The encyclopedia is the oldest English-language encyclopedia in the world and has been suffering financial losses, as reported by the Washington Post.
"It is kind of amazing. It's remarkable how fast that change is taking place," said Debora Shaw, dean of the School of Library and Information Science.
"Two-hundred-fifty years with one printed technology is good."
Sydney Murray of IDS reported the encyclopedia is taking advantage of new technology.
"It fits well with the way we want to access information," Shaw said. "There definitely are advantages to electronics. You have access from anywhere you are."
She said with print, people didn't have the same opportunity to find information, and she also mentioned the encyclopedia can now be updated easily.
She said the disadvantage of records no longer being available of the older versions of encyclopedias remains. Shaw said we won't have the ability to see what children were learning and how people thought in the past. She also mentioned the problems of the reliability and privacy of information on the Internet.
"With the electronic sources of information, people can keep track of what we are looking at," Shaw said. "It's also changing from established institutions to anyone in the world providing info. If everyone has access, the authoritative voice is missing or at least buried in the mess."
Howard Rosenbaum, assistant dean in the School of Library and Information Science, said he sees this as another example of the large move to the digital realm that is happening.
He said changes aren't solely good or bad, but depend on how people make use of technology.
"It makes it easier to gather information, but people have difficulty determining the quality of their information," Rosenbaum said.
"Technologies that are called disruptive shake up the landscape," Rosenbaum said, but he added, "It's rare that one technology completely displaces another."
Ron Day, assistant professor in the School of Library and Information Science, said this change is inevitable and mainly positive.
"Encyclopedias will be infinitely expandable, timely editing is available, multimedia can be added, and it is cheaper for the publisher to put things online," Day said.
On the negative side, though, he cited the issue of permanence, and with electronic formats, people tend to browse rather than read carefully.
"The culture seems to be moving away from deep reading to surface reading,"
The School of Library and Information Science prepares students to work within the information industry in jobs such as librarians and archivists. With print materials becoming more obsolete, some might wonder what the role of the library will be in the future.
Shaw said IU libraries have been forerunners in preserving print volumes.
Day elaborated on the preservation issue and said the University libraries will always have print materials.

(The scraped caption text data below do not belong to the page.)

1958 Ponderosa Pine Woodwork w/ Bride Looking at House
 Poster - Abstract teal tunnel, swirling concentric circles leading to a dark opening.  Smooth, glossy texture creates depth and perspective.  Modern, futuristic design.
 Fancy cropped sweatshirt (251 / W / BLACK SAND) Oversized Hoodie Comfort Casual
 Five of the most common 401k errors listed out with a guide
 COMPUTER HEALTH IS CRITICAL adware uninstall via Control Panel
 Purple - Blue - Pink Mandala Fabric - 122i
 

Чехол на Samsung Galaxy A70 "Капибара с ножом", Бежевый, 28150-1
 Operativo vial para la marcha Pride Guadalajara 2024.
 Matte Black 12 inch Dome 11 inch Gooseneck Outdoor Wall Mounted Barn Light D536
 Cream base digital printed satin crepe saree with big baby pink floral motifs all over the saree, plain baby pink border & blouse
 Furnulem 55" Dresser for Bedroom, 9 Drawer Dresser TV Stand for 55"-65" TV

Rosenbaum said libraries are becoming more community-centered institutions, organizing game nights and providing people assistance with their taxes.
"It's a very interesting challenge for libraries to figure out what they need to do," Shaw said. "They need to preserve the cultural record of today."
She said the library's job of helping people find information will always be important.
"What an actual building will be in the future will be interesting," she said.